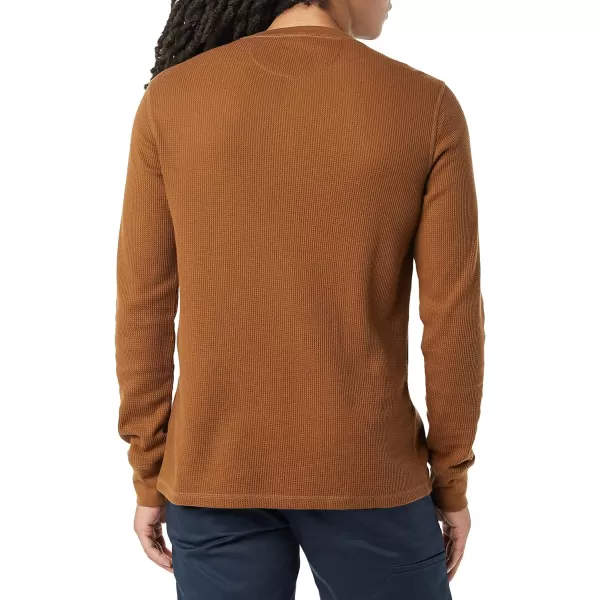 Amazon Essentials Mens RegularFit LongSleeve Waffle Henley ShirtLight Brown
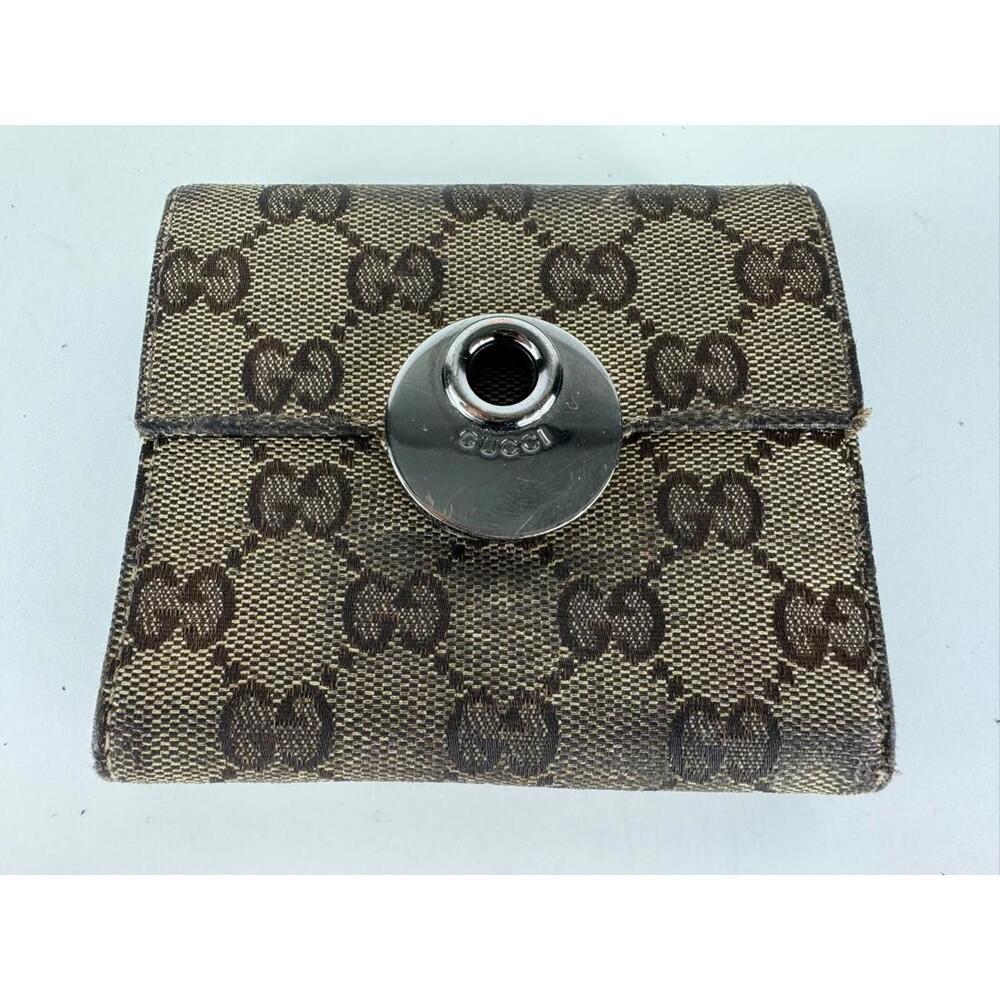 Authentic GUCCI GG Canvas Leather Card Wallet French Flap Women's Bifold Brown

-------

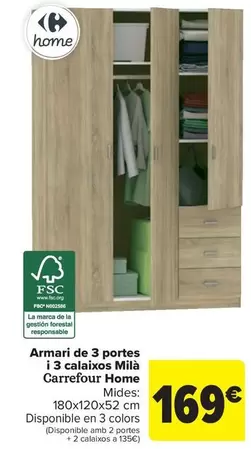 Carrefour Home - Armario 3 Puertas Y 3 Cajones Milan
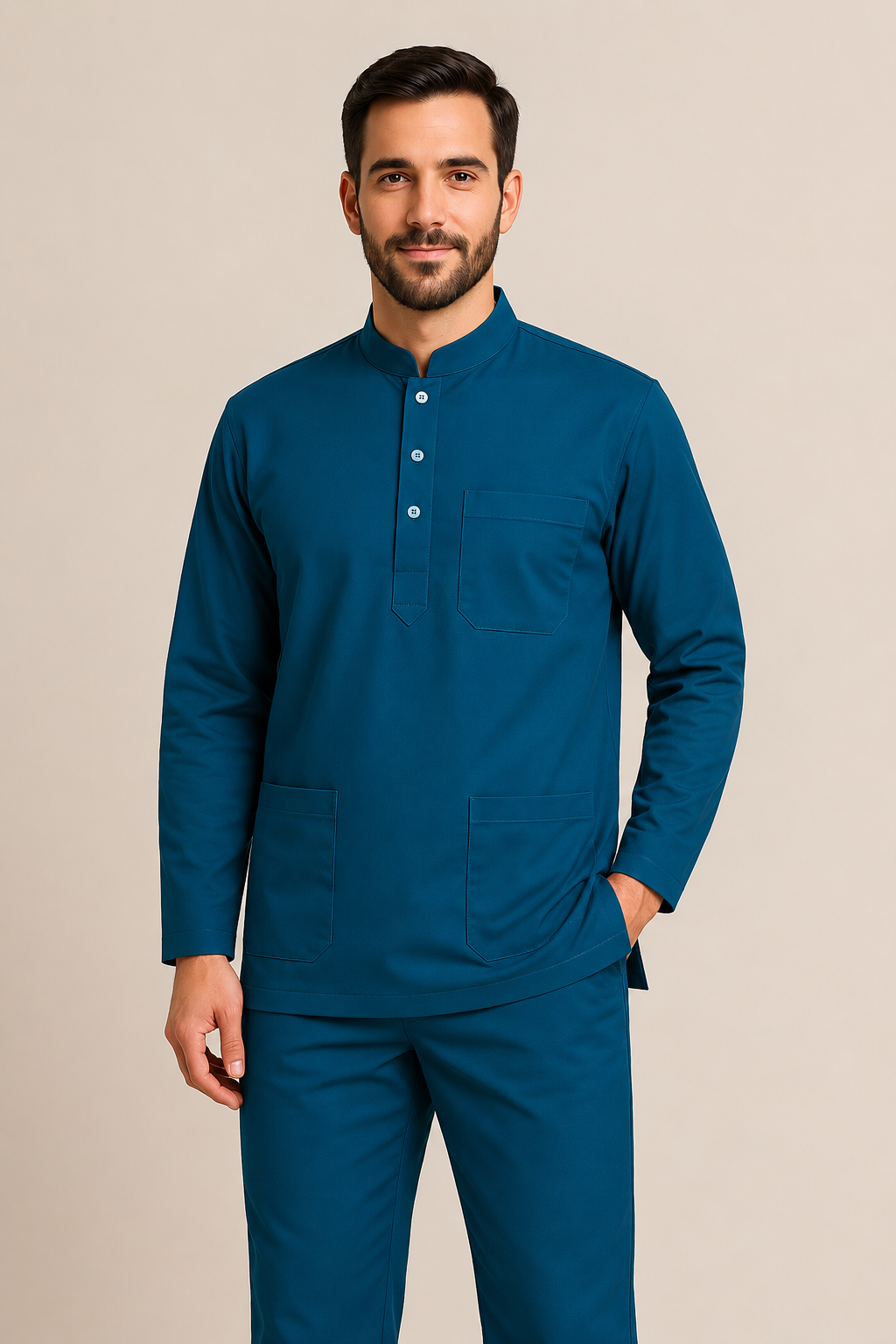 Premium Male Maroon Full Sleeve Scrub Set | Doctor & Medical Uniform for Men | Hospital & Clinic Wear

-------

■ ASSIGNMENT: From the data above, return only the lines starting at the line that holds "Carrefour Home - Armario" and ending at the line that holds "Premium Male Maroon", word for word and without pictures.

■ RESPONSE BELOW:
 Carrefour Home - Armario 3 Puertas Y 3 Cajones Milan
 Premium Male Maroon Full Sleeve Scrub Set | Doctor & Medical Uniform for Men | Hospital & Clinic Wear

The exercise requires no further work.